Wordsmith Tools is the name of a program for statistically analysing the vocabulary of large samples of language, to see how words are patterned; it was developed by a gentle genius, Dr Mike Scott. I thought it might be interesting to compare RLS’s essays with some other essays, just to get an inkling of some things that might make them distinctive. To do this, I made a word-frequency list of all of RLS’s essays and compared it with two control corpuses via a ‘keywords’ analysis. For Wordsmith ‘key words’ are those whose frequency is unusually high in comparison with a comparative corpus. (You can also look at the words that are unusually infrequent in comparison with the other corpus.) I did this all very quickly, so it’s only intended here as an amusing entertainment that might provoke thought.
1. Comparison of RLS’s essays with Sampson’s 1912 anthology ‘Nineteenth-century Essays’
Sampson’s Nineteenth-century Essays is a one-volume collection (so quite small) including: Carlyle, “On History”; Macaulay, “Ranke’s History of the Popes”; Bagehot, “Shakespeare — the Man”; Newman, “Literature”; Ruskin, “Sir Joshua and Holbein”; Arnold, “Marcus Aurelius”; and Stevenson, “A Penny Plain and Twopence Coloured” (which I omitted from the corpus file).
The most characteristic words in RLS (I took all his essays) compared with Sampson’s selection are (in descending ‘keyness’):
I MY UPON A ME YOU SOME YOUR AND SOMEWHAT ROAD MOMENT LAST ALTHOUGH ABOUT HIMSELF
and the words most characteristic of the Sampson corpus that are little used by RLS in his essays are (in ascending negative ‘keyness’):
PROTESTANTS SCRIPTURE DOCTRINE THEE CHRISTIANS THEREFORE LANGUAGE ROMAN SCIENCE POWER SPAIN CHRISTIANITY EUROPE THY PROTESTANT GREEK CHURCH CATHOLIC HISTORY THOU ROME WHICH
Who would have thought that ‘which’ was so little used by RLS in comparison with the six other essayists?
The two lists make an interesting random poem: RLS’s key words focussing on subjectivity, partiality (some, somewhat), concession (although), simply perceived phenomena (and), movement (road – one of only two nouns!), experience (moment); while the Victorian sages have those terribly heavy nouns and heavy links (therefore, which).
2. Comparison with Modern English Essays, edited by Ernest Rhys
Rhys’s substantial five-volume collection from 1922 contains RLS’s “Walking Tours” (in vol 2), which I removed from the corpus file, then made a word-frequency list, and used this to compare with the wordlist of Stevenson’s essays.

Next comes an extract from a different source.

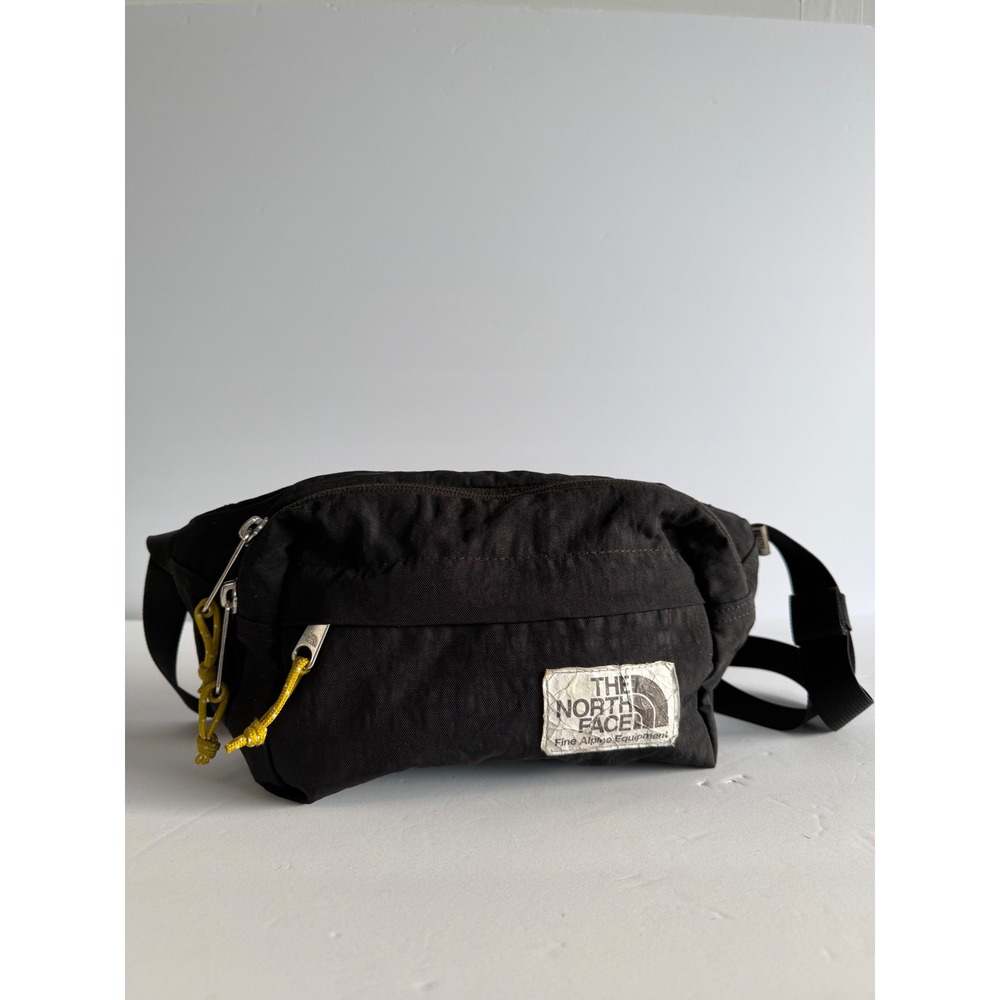 The North Face Berkeley Lumbar Pack Black Heritage Waist Bag Gorpcore Hiking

Interestingly the words that stood out as most unusual in comparison with the other texts were again suggestive of subjectivity and interpersonal relations, and once more we find ‘and’:
YOU I YOUR MY AND
The most characteristic Stevenson words include some proper nouns (Knox, Burns, Arethusa – I had included An Inland Voyage as an essay-like text), but also UPON (RLS tends to use this rather than ‘on’), SOME (13th position) and SOMEWHAT (in 20th place), as in the previous list. Other interesting words near the top of the list include: PLEASURE (14), PLEASURES (23); YET (15), the only conjunction in the top group; and, once again ROAD (24).
What about the words that were, instead, significantly more frequent in the five volumes of ‘Modern English Essays’? Here, the list contains a lot of proper names (MONTAIGNE, JAMES, GEORGE…) as Rhys’s selection tends towards critical essays, but once again the most frequent word in the control corpus in comparison with Stevenson is WHICH. Curious.